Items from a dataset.
==========
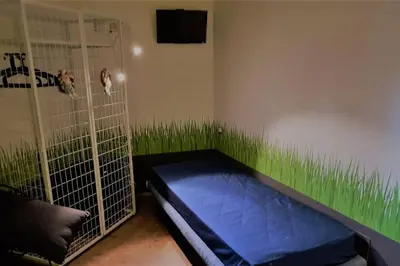a room with a cage with grass on the wall at Il Giardino del Viaggiatore in Rome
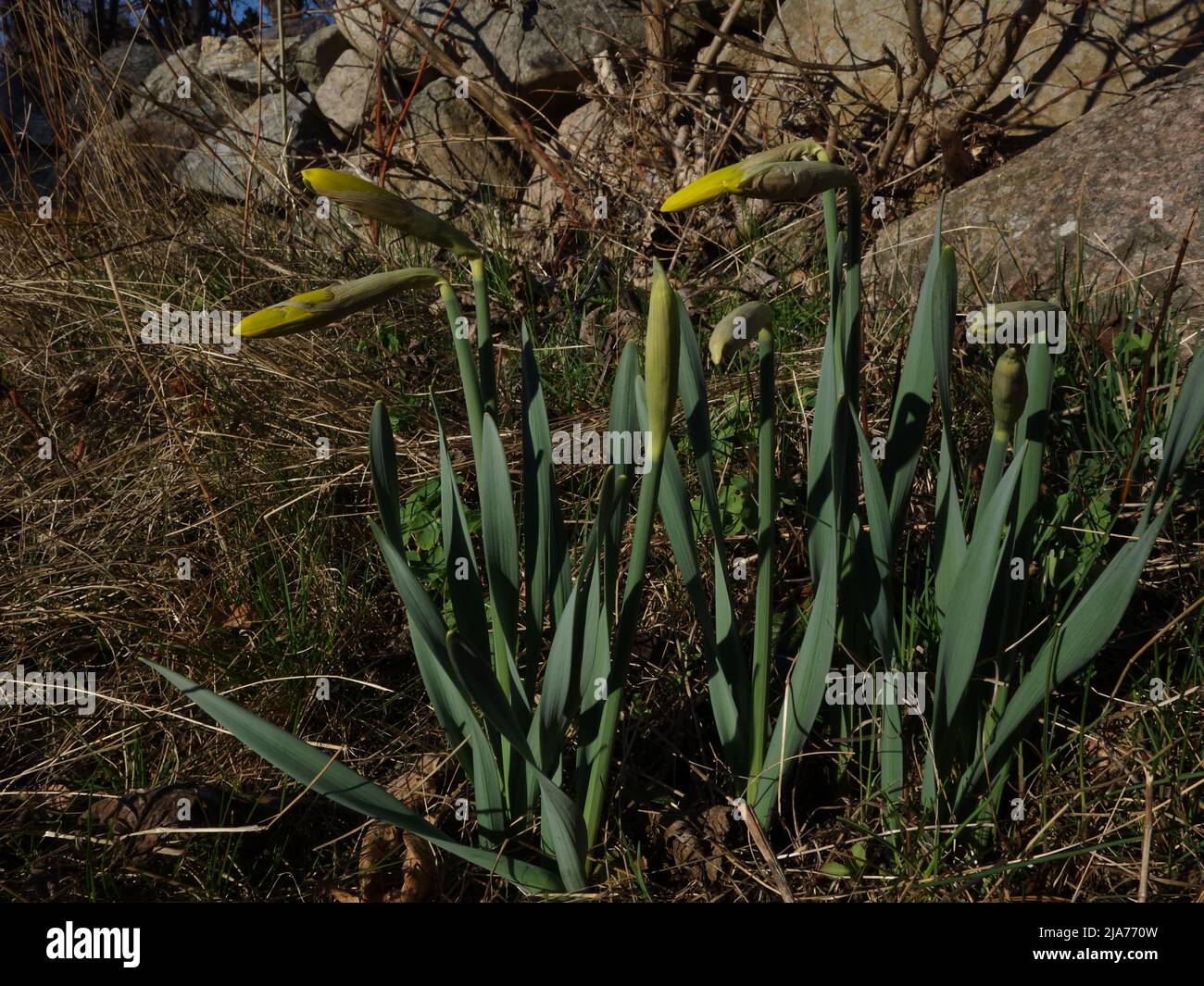 Daffodils bud in the spring sun. Stock Photo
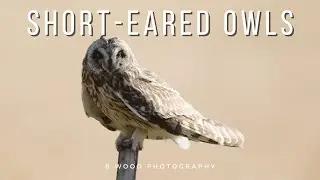 Short eared Owl:  5 Intriguing Facts 🦉
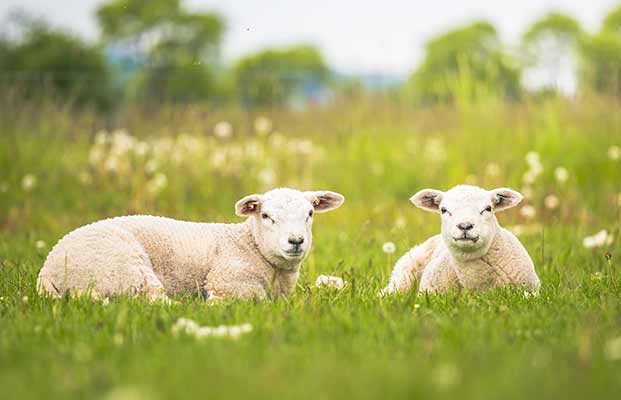 Zwei liegende Schafe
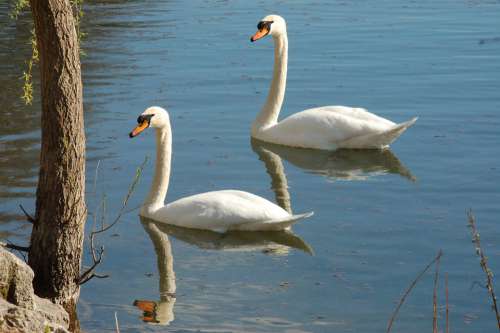 Swans Swan Animal Bird Nature Birds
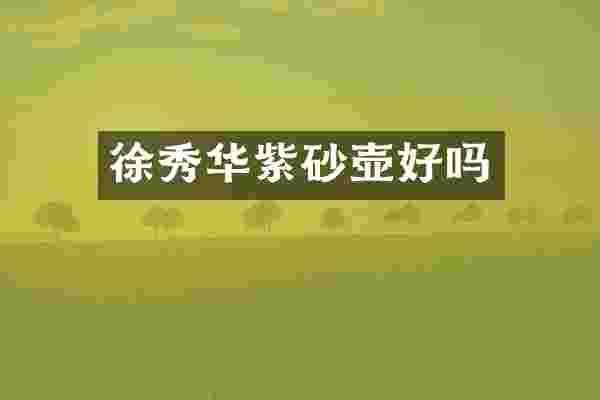 徐秀华紫砂壶好吗
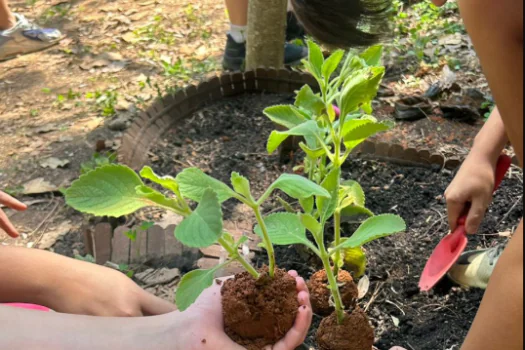 Horta Medicinal que imita formato do corpo humano ensina alunos sobre meio ambiente e saúde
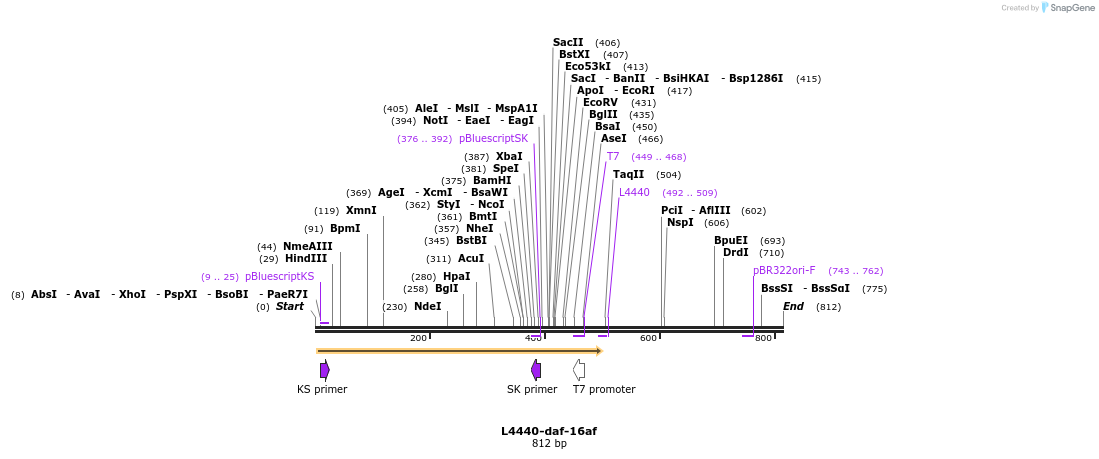 38005_map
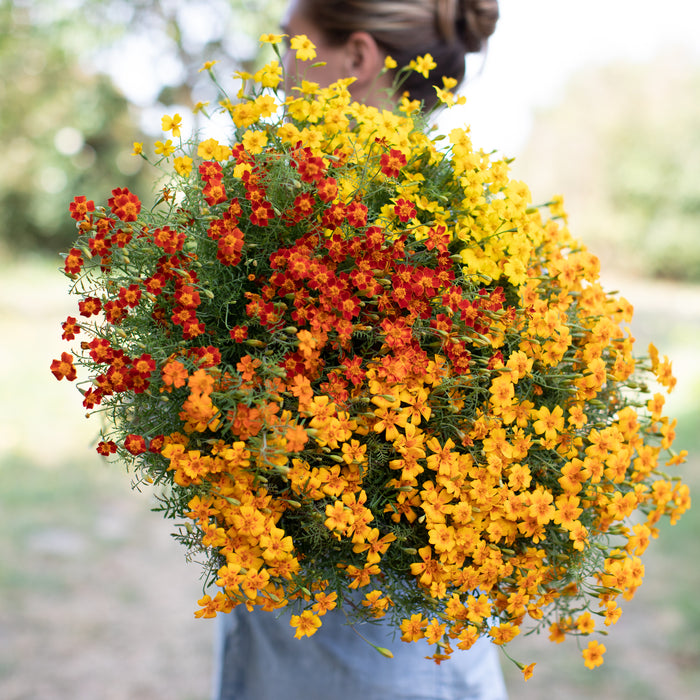 An armload of Marigold Starfire Mix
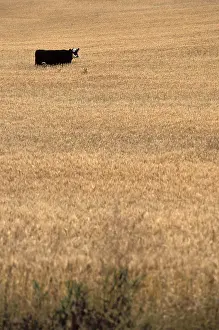 Produces: Cow in a field of grain Badlands Alberta Canada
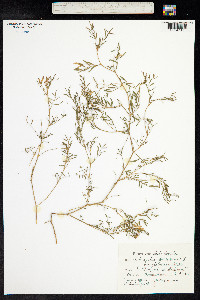 Image of Astragalus arenarius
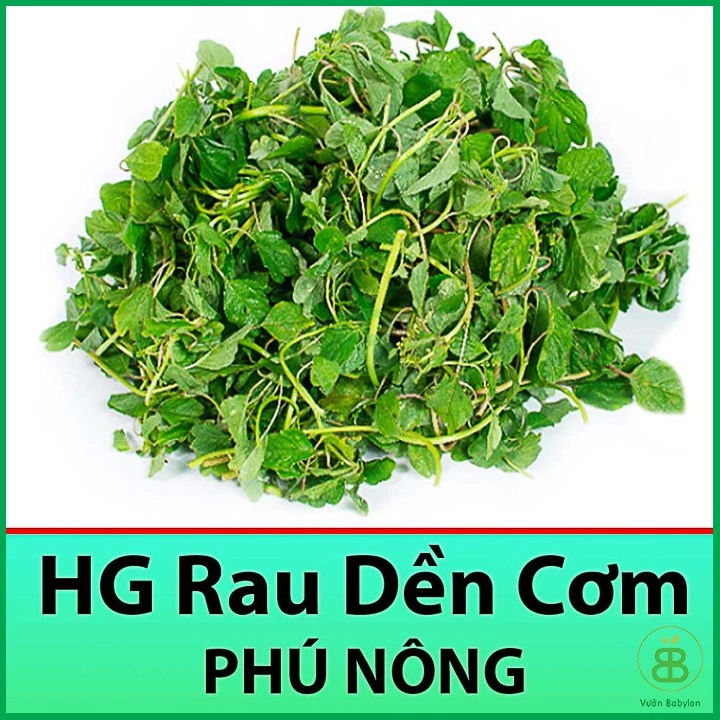 Hạt Giống Rau Dền Cơm 10Gr Dễ Trồng, Dinh Dưỡng Cao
==========
Task objective.
In the transcription, every picture is to be excluded and the records above given again exactly.

Exercise answer.
a room with a cage with grass on the wall at Il Giardino del Viaggiatore in Rome
 Daffodils bud in the spring sun. Stock Photo
 Short eared Owl:  5 Intriguing Facts 🦉
 Zwei liegende Schafe
 Swans Swan Animal Bird Nature Birds
 徐秀华紫砂壶好吗
 Horta Medicinal que imita formato do corpo humano ensina alunos sobre meio ambiente e saúde
 38005_map
 An armload of Marigold Starfire Mix
 Produces: Cow in a field of grain Badlands Alberta Canada
 Image of Astragalus arenarius
 Hạt Giống Rau Dền Cơm 10Gr Dễ Trồng, Dinh Dưỡng Cao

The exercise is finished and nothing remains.